## WORK TO BE COMPLETED
From the line containing "82. Im Flugzeug" through the last line below, copy every line exactly, leaving out the pictures.

## THE DATA

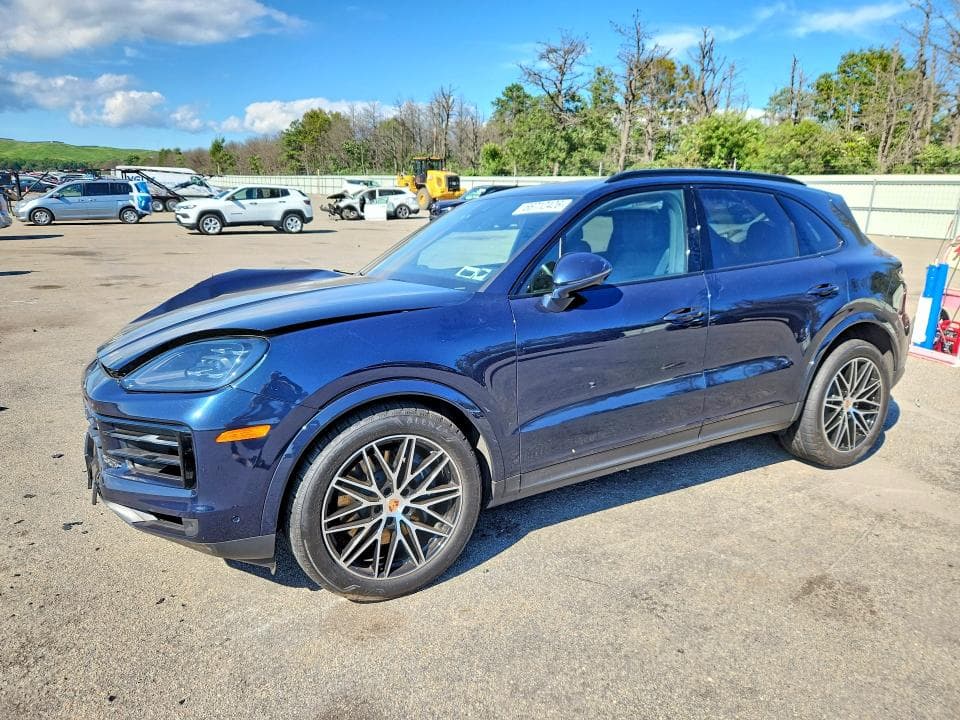 2025 PORSCHE CAYENNE - 1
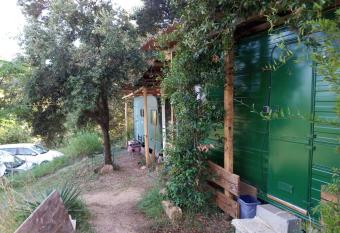 H  bergement insolite nature/4 allows 18 year olds to book a room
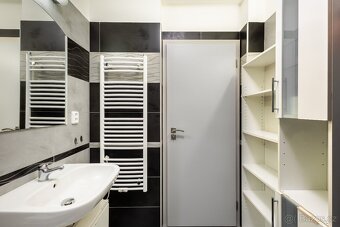 Pronájem bytu 2+kk s balkonem a gar.stáním Gen. Píky Olomouc - 14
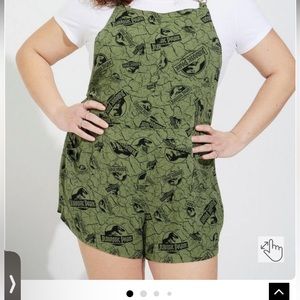 Torrid Jurassic Park World Jumper overalls shortall size 3 3x
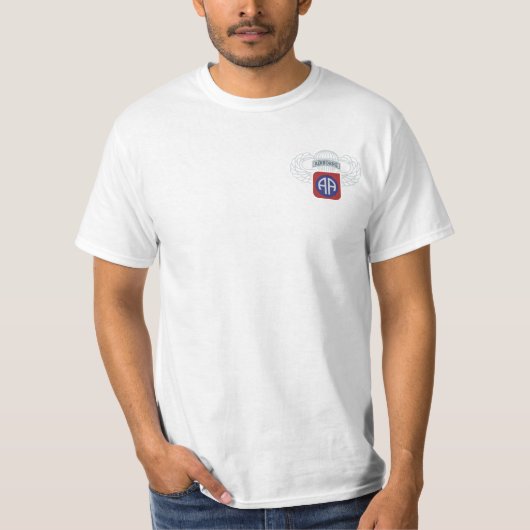 82. Im Flugzeug Abteilung T-Shirt (Vorderseite)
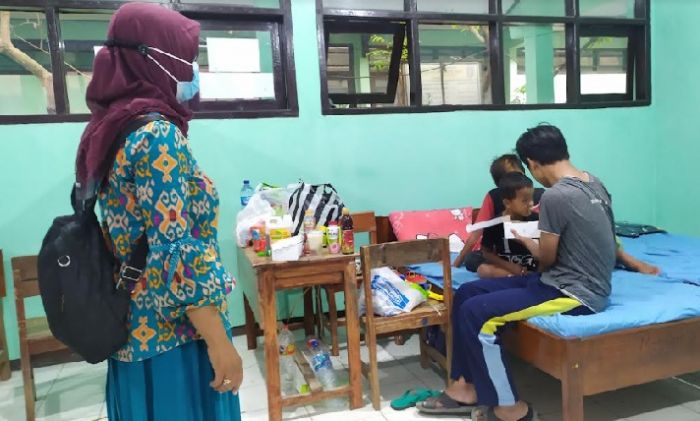 Manyayat Hati, Balita di Jombang Tidur di Isoter, Ibu Meninggal Karena Covid-19 Manyayat Hati, Balita di Jombang Tidur di Isoter, Ibu Meninggal Karena Covid-19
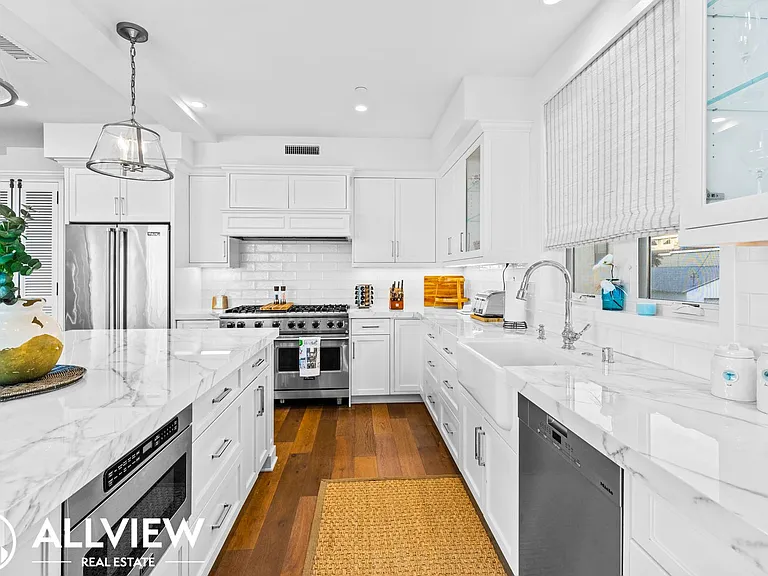 411 1/2 Heliotrope Ave — Photo 17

## TASK OUTPUT
 82. Im Flugzeug Abteilung T-Shirt (Vorderseite)
 Manyayat Hati, Balita di Jombang Tidur di Isoter, Ibu Meninggal Karena Covid-19 Manyayat Hati, Balita di Jombang Tidur di Isoter, Ibu Meninggal Karena Covid-19
 411 1/2 Heliotrope Ave — Photo 17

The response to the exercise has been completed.